How allergies can affect your eyes
Different allergies can affect the eye in varying ways. While the main symptoms of an allergic response tend to be itchy, red or watery eyes, there are other degrees of reactions that cause different sensations, and complications.
Allergies are common, affecting as many as one in four adults in the UK alone. The most regular types of allergens include pollen, dust mites, stings from wasps and bees, mould, pets and pet hair and even household chemicals.
Certain kinds of food, medicines and metal can also create an allergic reaction in individuals.
Symptoms can depend on the person and what they react to. So, while some might be more affected by coughing, wheezing or other complications of the throat, other sufferers may feel further complications from eye problems, also known as eye allergies.
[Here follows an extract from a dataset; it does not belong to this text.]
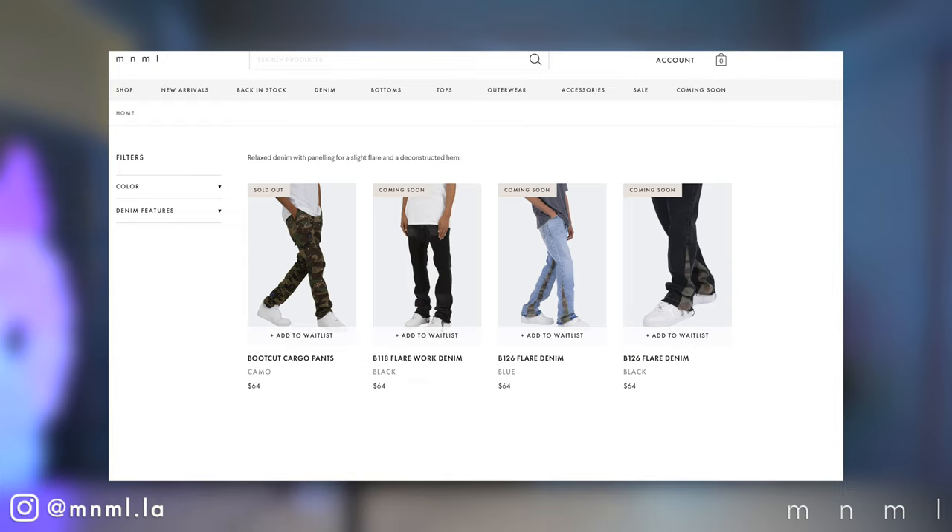Welcome back to another Minimal Mondays. For today's video we've got a very exciting one as we are officially announcing our newest addition to our ever-expanding denim lineup — this is the new B Denim.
An eye allergy is an immune reaction that occurs on the surface of the eye. It’s also known as allergic conjunctivitis, but in essence it’s the process of histamine release on the area of contact with an allergen (such as pollen) that causes the common symptoms of red, watery, or itchy eyes.
Most of the time these allergens will be air-borne, but in some cases symptoms can also be contracted by transferring allergens from touching the eye.
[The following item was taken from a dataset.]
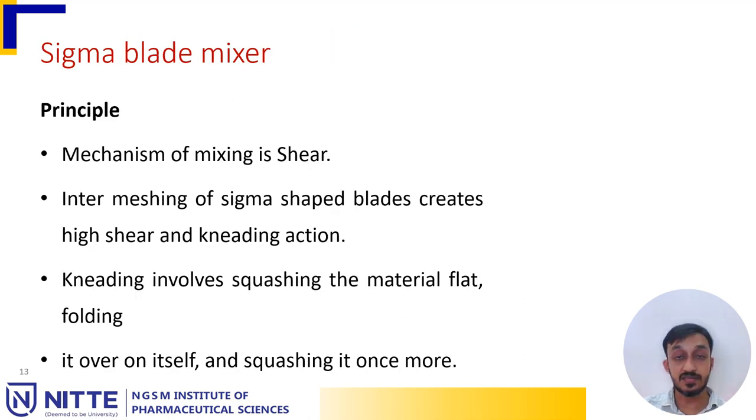The sigma blade mixer operates through a mechanism of shear. Intermeshing of sigma-shaped blades creates high shear and kneading action. Kneading involves squashing the material flat, folding it over on itself, and squashing it once more.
The main symptoms of eye allergies have already been touched upon, but others may include:
- Pink or red appearance to the eye
- Swollen eyelids (or “puffy” eyelids)
If you’re affected, what could you be allergic to? Hay fever, or allergies to dust mites, mould, or pet hair are common, and some last a season, while others can affect a person all year round.
For some, it’s simply knowing the seasons, but others may not know what they’re reacting to and should speak to a GP or pharmacist for further advice.
What you can do
Fortunately, there is a lot you can do to stop the symptoms of allergies. Eye drops for allergies can help ease symptoms that directly apply to the eye, as well as clear the eye surface from allergens like a wash.
In the summer, sunglasses can serve more of a purpose than just UV protection. They can block many airborne allergens from getting onto your eye, and they also reduce the amount of irritation that can occur from the sun too.